Several ARFID case reports have been published in the medical literature, yet no randomized controlled trials exist to date. “Treatment is multidisciplinary and involves cognitive-behavioral therapy, sometimes occupational therapy,” said Dr. Brewerton, who is a founding fellow and former board member of the Academy for Eating Disorders.

He and his colleagues published a report on nine ARFID cases treated in an eating disorders program (J Child Adolesc Psychopharmacol. 2017;27[10]:920-2). The patients were treated with adjunctive olanzapine at a starting dose of 0.9 mg/day and discharge dose 2.8 mg/day. For the starting dose, “you have to break the [olanzapine pills] in pieces,” he said. “You have to have a pill cutter. What you don’t want to do is overwhelm the patient or their family members with oversedation. Too often, people start them with 2.5 mg or 5 mg [of olanzapine] right off the bat.”



The researchers found a significant increase in weight gain pre- versus post-olanzapine treatment (a mean of 3.3 pounds vs. 13.1 pounds, respectively; P less than .04) and BMI-for-weight percentiles (P less than .009). “Patients also had improvements in their Clinical Global Impressions Scale scores and a reduction in their associated anxious, depressive, and cognitive symptoms,” Dr. Brewerton said.

Similar findings were observed in a subsequent Canadian study of six ARFID cases (J Eat Disord. 2018;6:20). Five females and one male were treated with a combination of medical monitoring, family therapy, medication (including olanzapine, fluoxetine and in two cases, cyproheptadine), and CBT. At treatment termination, all six patients had achieved their goal weight.

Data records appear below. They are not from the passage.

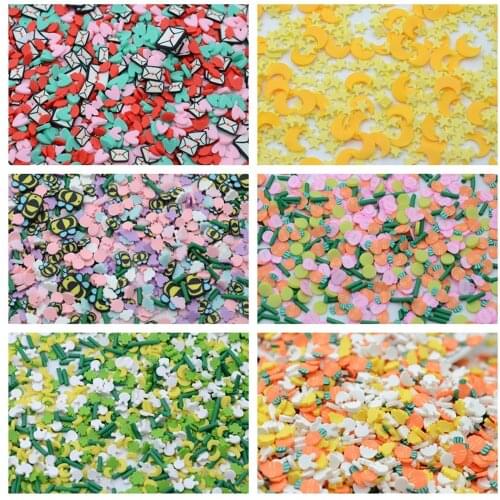 50g Mixed Polymer Clay Slices Fake Sprinkles For Slime Filling Resin Epoxy DIY Shaker Filler Christmas Halloween Accessories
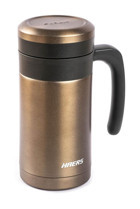 Tantitoni 024-01 Paslanmaz Çelik 450 ml Outdoor Bardak Termos Kahverengi
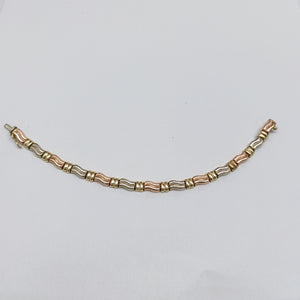 PULSERA ORO,RODIADO 14 K 9,00 GRMS (SEMINUEVO)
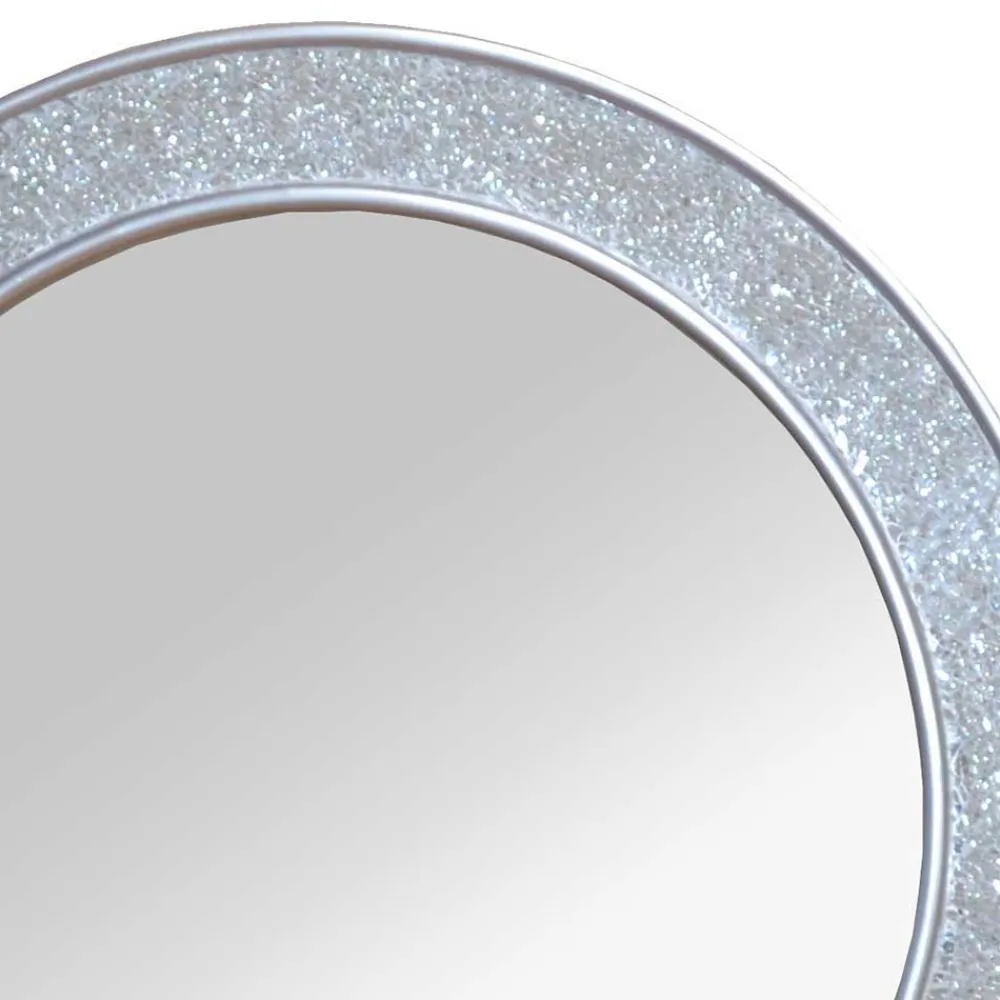 Wohnen Runder Wanspiegel mit schillerndem Rahmen Franzi 60cm
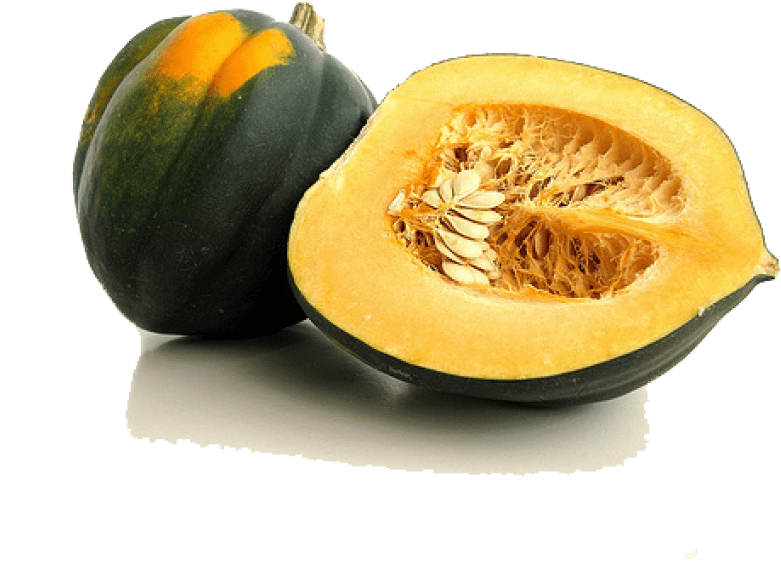 Acorn Squash Halvedand Whole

At the University of California, San Diego, researchers led by Emily Gray, MD, conducted a retrospective chart review of six females and eight males with ARFID who ranged in age from 7 to 23 years. All but one of the 14 patients had a co-occurring diagnosis, including general anxiety disorder, social anxiety, unspecified anxiety, ADHD, major depressive disorder, and autism spectrum disorder (J Am Acad Child Adoles Psychiatry. 2018;57[4]:288-9). They were treated with mirtazapine at a dosing range of 7.5-45 mg per day. The average change in BMI per week rose from 0.10 BMI points per week pretreatment to 0.23 BMI points per week post-treatment (P less than .05).

“These cases illustrate that the judicious use of low-dose olanzapine, when used as an adjunct to other treatment modalities, may facilitate eating, weight gain, and the reduction of anxious, depressive, and cognitive symptoms,” said Dr. Brewerton, who also has a private practice in Charleston.

Dr. Brewerton disclosed that he is a consultant to Monte Nido & Affiliates and Sunovion. He receives royalties from Taylor & Francis and Springer-Verlag, and holds ownership interest in Monte Nido & Affiliates.